───── PROVIDED ENTRIES ─────
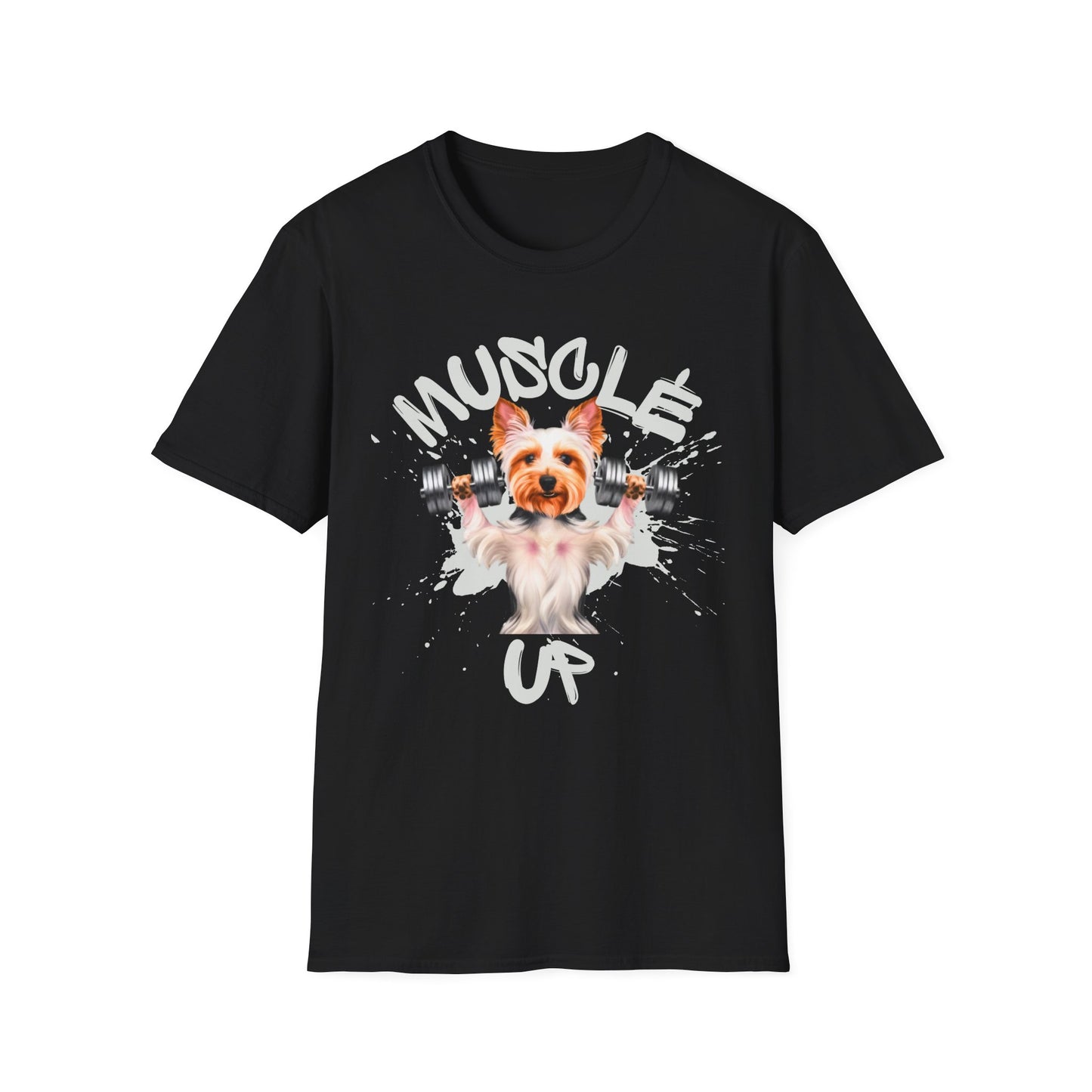 Muscle Up Dog Gym T-Shirt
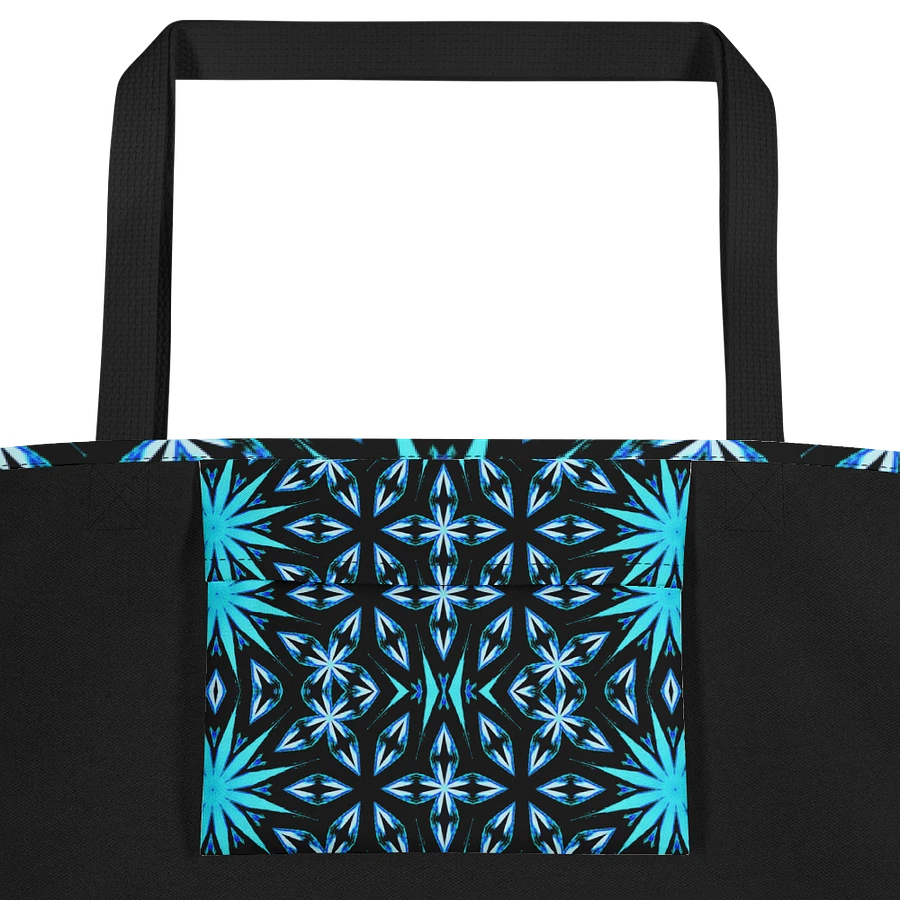 Abstract Floral Stars Repeating Pattern Tote Bag product image (4)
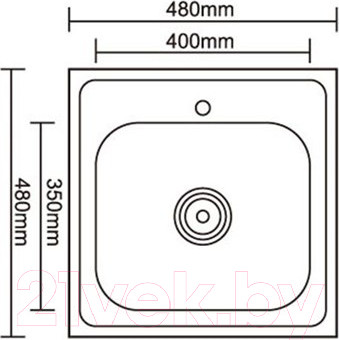 Изображение товара Мойка кухонная Ledeme L94848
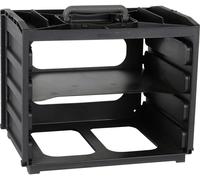 Raaco Boîte d'assortiment HandyBox 55 376×265×310 mm 4 compartiments Noir 136259 vide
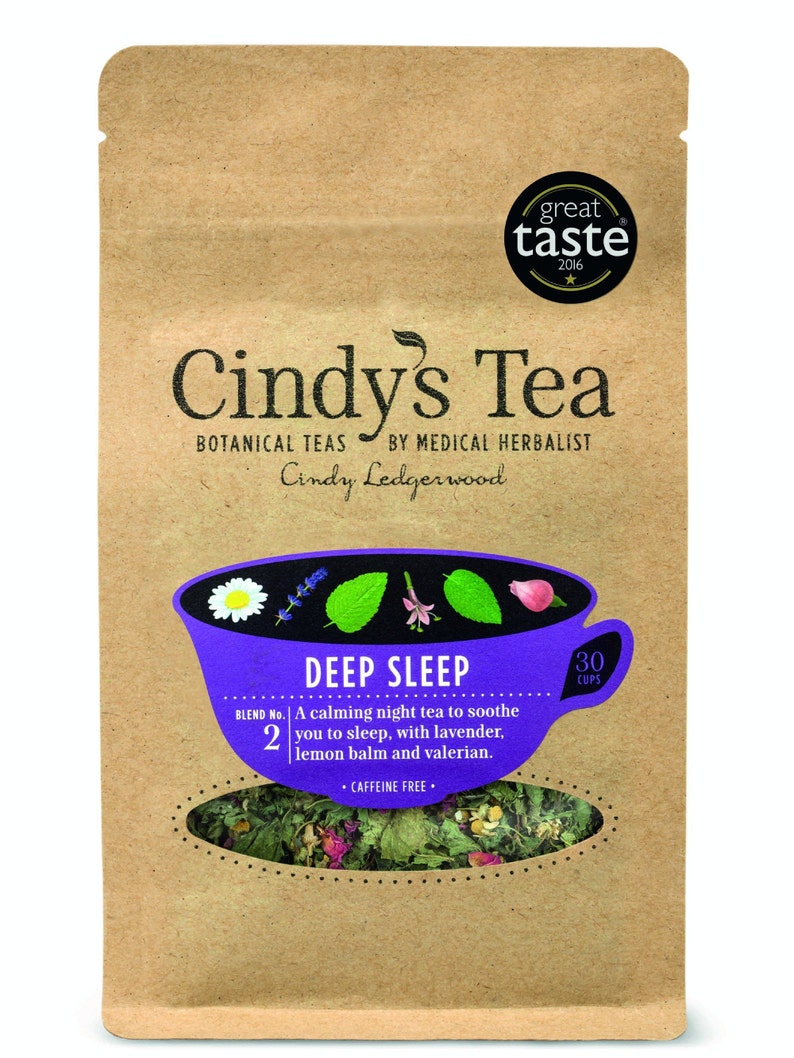 Deep Sleep Tea Insomnia Relief Best Herbal Teas Stress Etsy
─────
WHAT IS NEEDED » Copy each line of the records precisely and drop any images they hold.

WRITTEN RESPONSE »
 Muscle Up Dog Gym T-Shirt
 Abstract Floral Stars Repeating Pattern Tote Bag product image (4)
 Изображение товара Мойка кухонная Ledeme L94848
 Raaco Boîte d'assortiment HandyBox 55 376×265×310 mm 4 compartiments Noir 136259 vide
 Deep Sleep Tea Insomnia Relief Best Herbal Teas Stress Etsy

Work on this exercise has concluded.